Along with the violence comes a sense of increasing isolation. Tessa is the realist who understands first, in the face of her neighbours’ scepticism, that something serious is happening. The outside world retreats as radio and phone communication cuts off and attempts at army rescue fail. Yet very little happens in this story – walks to a bus stop for school pick-up, a visit to a neighbour, the efforts to make the house safe from invasion.
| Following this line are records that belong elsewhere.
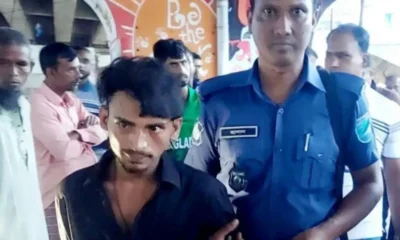 গাজীপুরে ঘুমানোর জায়গা নিয়ে দ্বন্দ্ব, ছুরিকাঘাতে যুবক খুন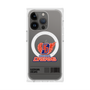 プレミアムスクエアケース with MagSafe［ D.LEAGUE - KADOKAWA DREAMS - ロゴA ］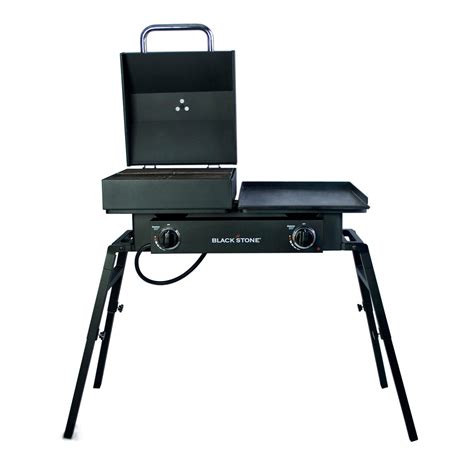 Blackstone Tailgater Combo - Overstock Shopping - The Best Prices on ...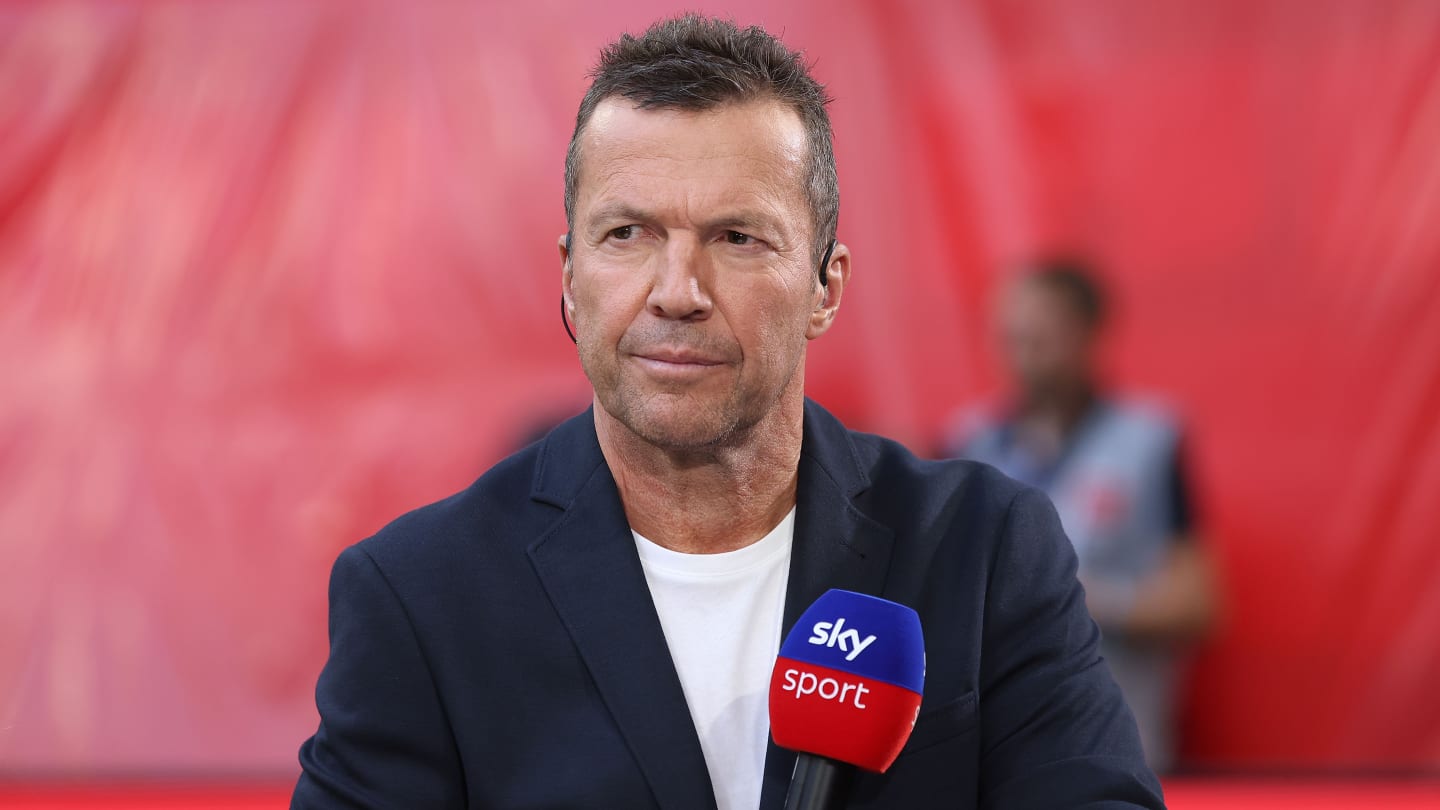 Lothar Matthaüs dézingue Julian Nagelsmann après son coup de sang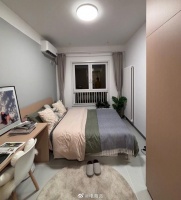 小米7000名应届生入住青年公寓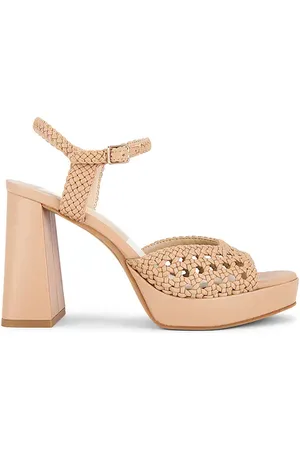 Dolce Vita Peyten Platform Heel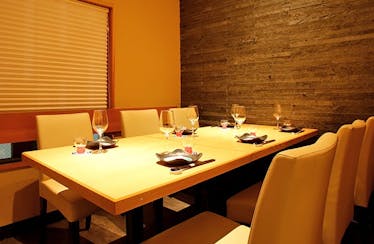 和食日和 おさけと 神楽坂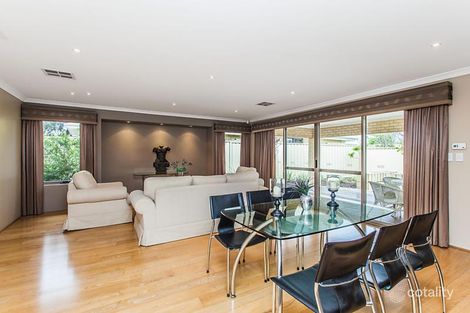 Property photo of 22 Arrowwood Loop Secret Harbour WA 6173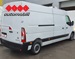 RENAULT MASTER 2.3dci HLADNJAČA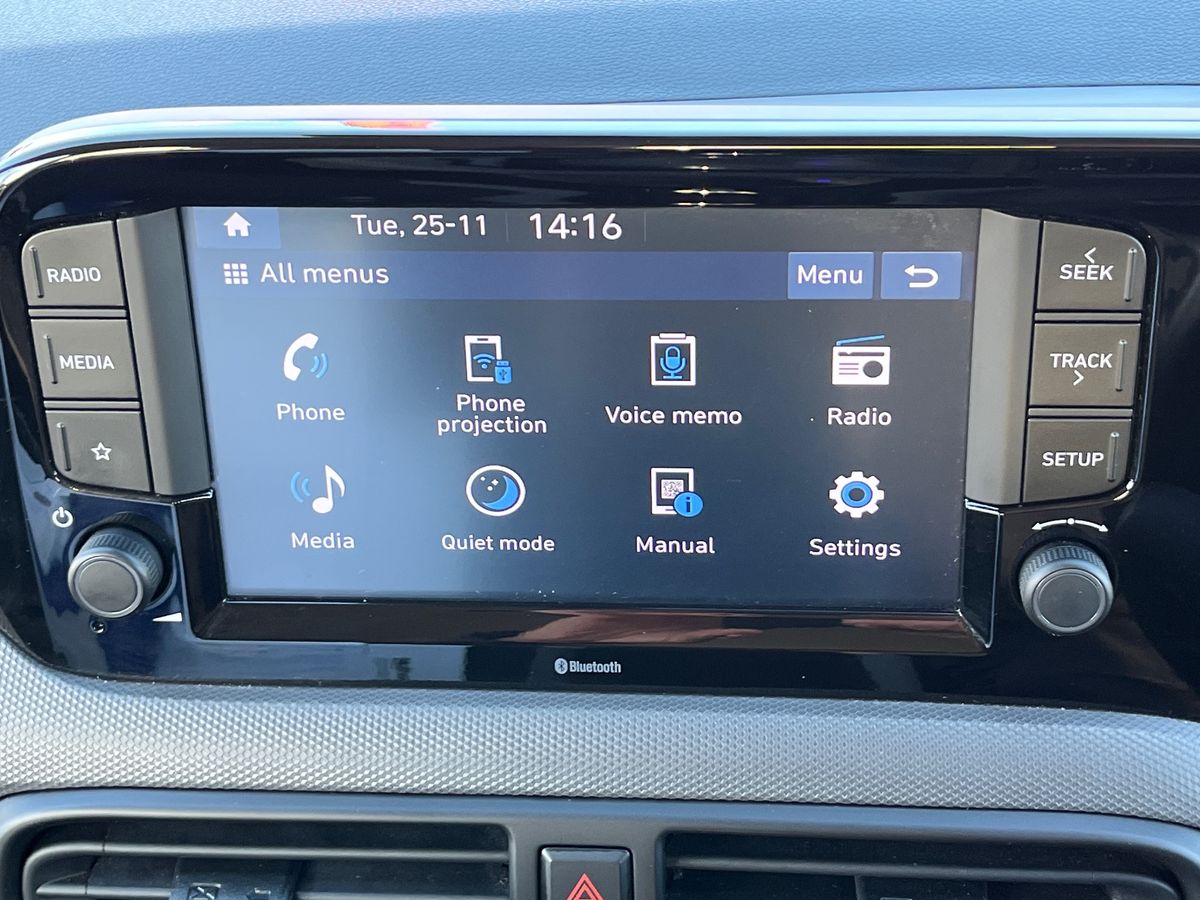 Used Hyundai i10 2022 for sale - 76547524: Photo 20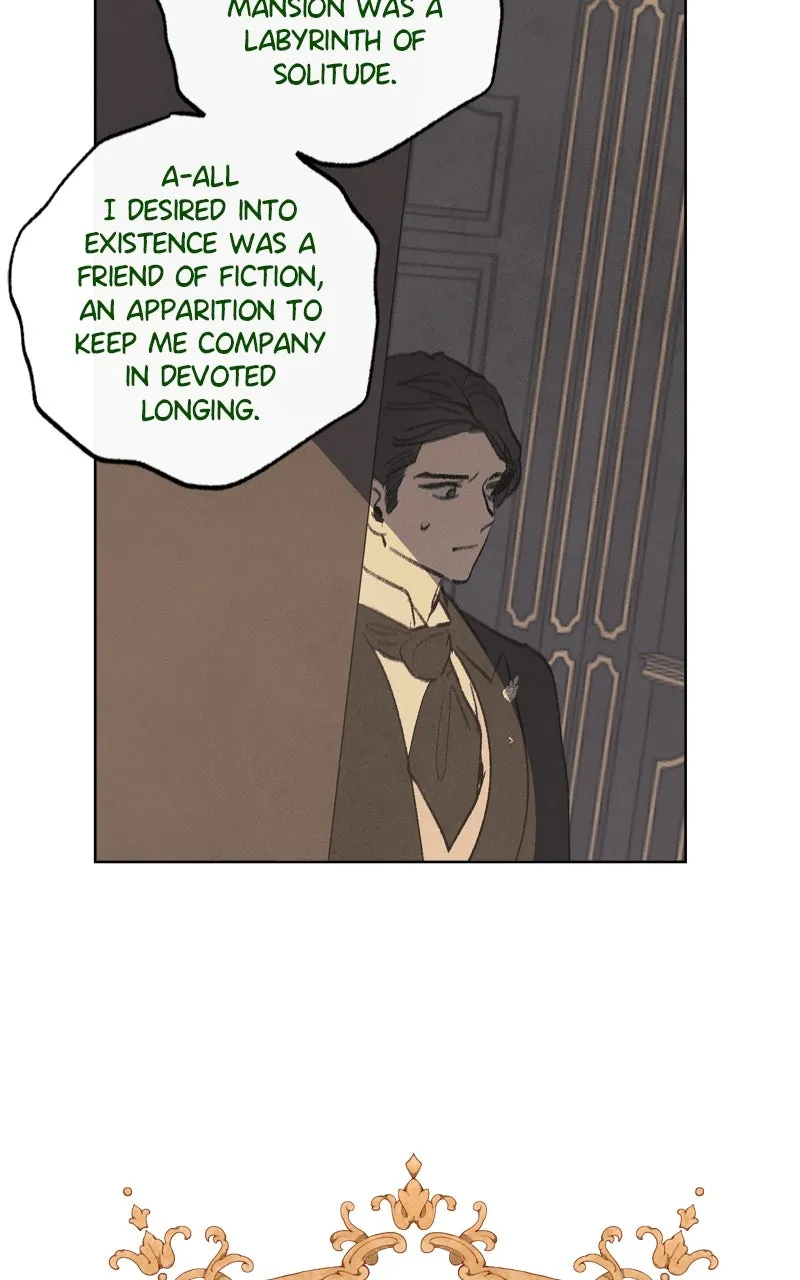 Emerald Midnight's Lover Chapter 51 page 5 - 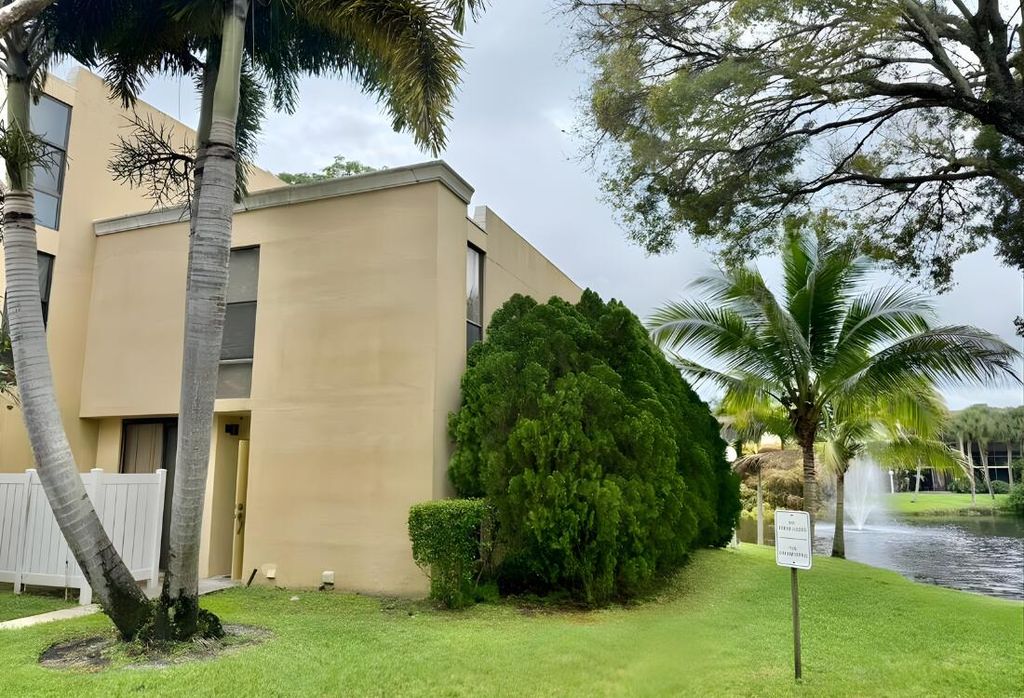 Photo of 2910 SW 87th Terrace #1708, Davie, FL 33328 (MLS # B26045488)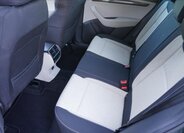 Škoda Karoq SUV / Terénní 2,0 l 110 kw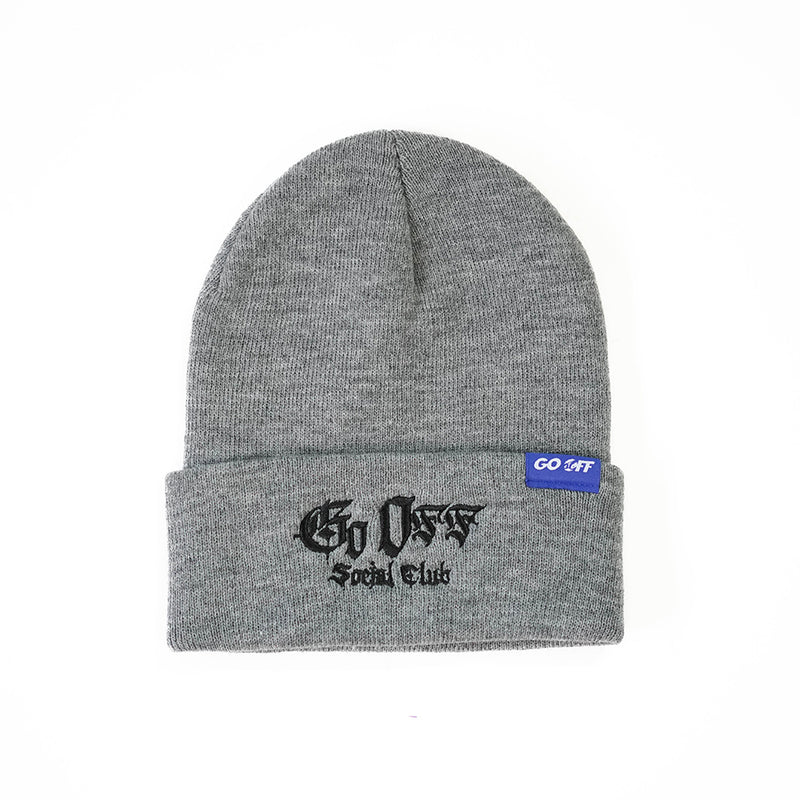 GOSC BEANIE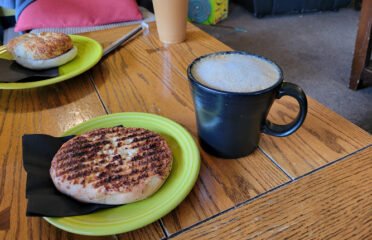 Anchor & Anvil Coffee Bar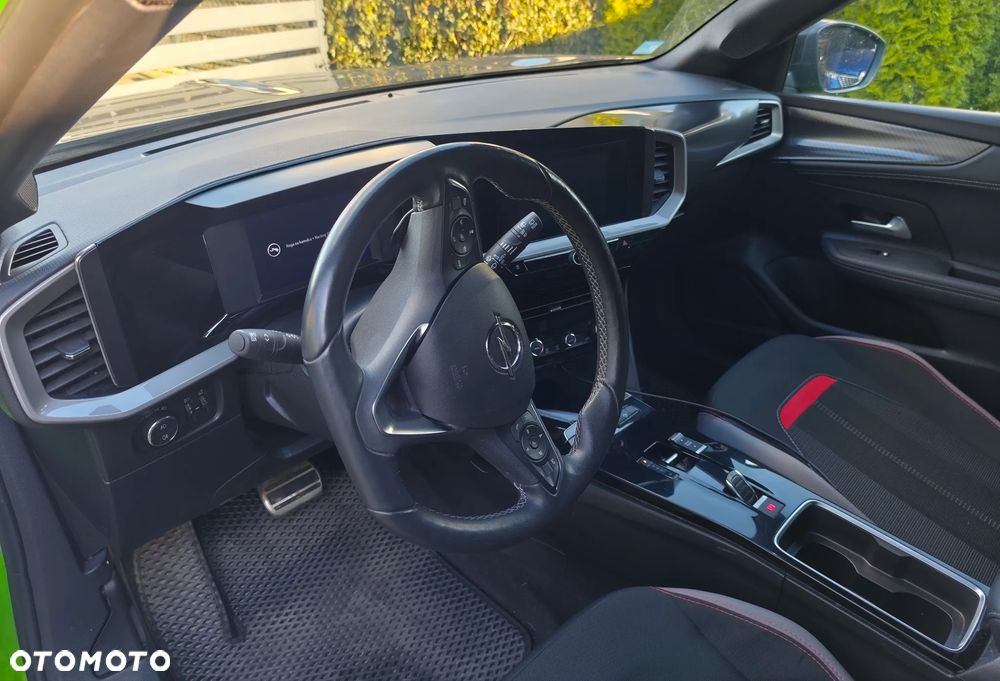 Opel Mokka 1.2 T GS S&S - 8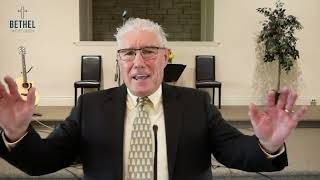 Bethel Baptist Service - May 15 2022
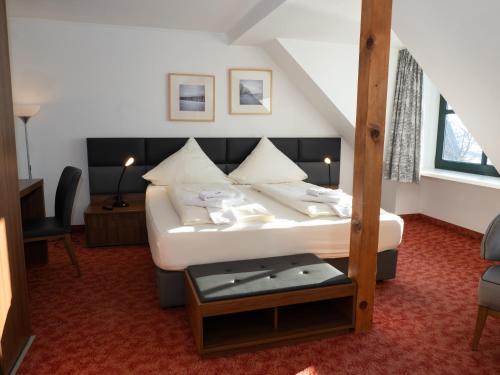 Bremen-Vegesack Casa | Pension Weserblick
It’s an unsensational picture of a family under siege, barricaded inside their house, trying to survive the unimaginable.

Like du Maurier, Lutton and team offer no explanation, although we are invited to guess why the birds “hate us”. Also like the original story, we see glimpses of how communities react under threat, the tendencies towards conspiracy theory or outright denial.

Uncanny weather is a constant in both, and these days it has an extra charge. I kept thinking of an anonymous viral quote that sums up the sense of oncoming, unavoidable dread that this production manifests: “Climate change will manifest as a series of disasters viewed through phones with footage that gets closer and closer to where you live until you’re the one filming it.”